Interestingly, we observed a shared autozygous interval spanning 5.08 Mb between our patient and another patient who we described in our recent MKS case series as the only case in which exome sequencing failed to identify a causal mutation after applying the various filters (case MKS_F18 in Shaheen et al)7 (figure 1D). Re-examination of the exome variants from MKS_F18 in this interval revealed a heterozygous missense variant in TMEM231 (NM_001077416.1:c.902A>C) that had not been considered because it was heterozygous. However, Sanger sequencing showed that this variant is in fact homozygous, suggesting a technical error in the calling of this variant during exome sequencing. The affected residue is absolutely conserved across species (figure 1E) and is highly predicted to be pathogenic based on PolyPhen (0.992), SIFT (Sorting Intolerant From Tolerant) (0), and MutationTaster (0.999). Like the splicing mutation, this mutation was absent in 200 in house Saudi exomes. Thus, we suggest that both homozygous variants are pathogenic and likely to be disease-causing.
TMEM231 was recently identified as a protein that forms a complex with B9 and CC2D2A—two established MKS genes—at the transition zone of cilia, and that its deficiency at the cellular and organism level leads to ciliopathy.9 Very recently, compound heterozygosity for two mutations in TMEM231 was identified in three patients with Joubert syndrome.10 All three patients met the classical definition of Joubert syndrome as they had the constellation of oculomotor apraxia, molar tooth sign on brain MRI, breathing abnormalities, and developmental delay. While a subset of Joubert patients may have polydactyly and renal involvement like MKS, the clinical distinction between the two disorders is usually apparent. Thus, our finding of two pathogenic mutations in patients with classical MKS expands the list of genes that cause both disorders to also include TMEM231. Similar, as we have shown for TMEM237 and C5orf42, the correlation between the genotype of TMEM231 mutations and the resulting phenotype being Joubert syndrome or MKS remains undefined. It is unclear why the complete loss of function and missense mutations in TMEM231 found in our patients caused classical MKS while the compound heterozygous mutations in the same gene found in Srour's report resulted in Joubert syndrome.10 The consistent phenotype within a given family argues against stochastic factors during development.

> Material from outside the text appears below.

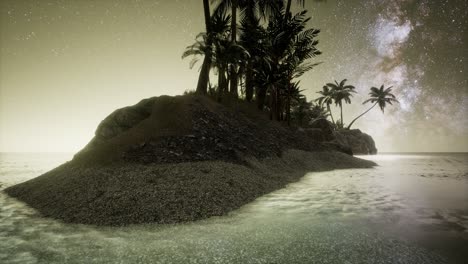 hermosa playa tropical de fantasía con estrellas de la vía láctea en el cielo nocturno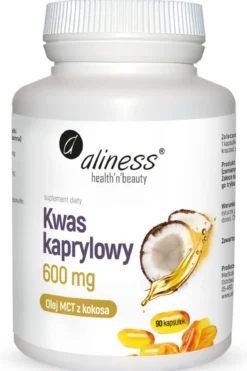 Kwas kaprylowy (60% C8) 600 mgx90caps Aliness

More likely, it appears that the phenotype is either allele-specific or at least genetic background-specific within a given family. Clearly, this will be the subject of future investigation once the cost of sequencing drops to a level that allows massive sequencing of entire cohorts of ciliopathy patients to assess for the contribution of modifiers.
In summary, we report the first MKS patients with TMEM231 mutations. This study, combined with the recent identification of TMEM231 mutations in Joubert syndrome, confirm the designation of TMEM231 as a ciliopathy gene with variable phenotypic consequences.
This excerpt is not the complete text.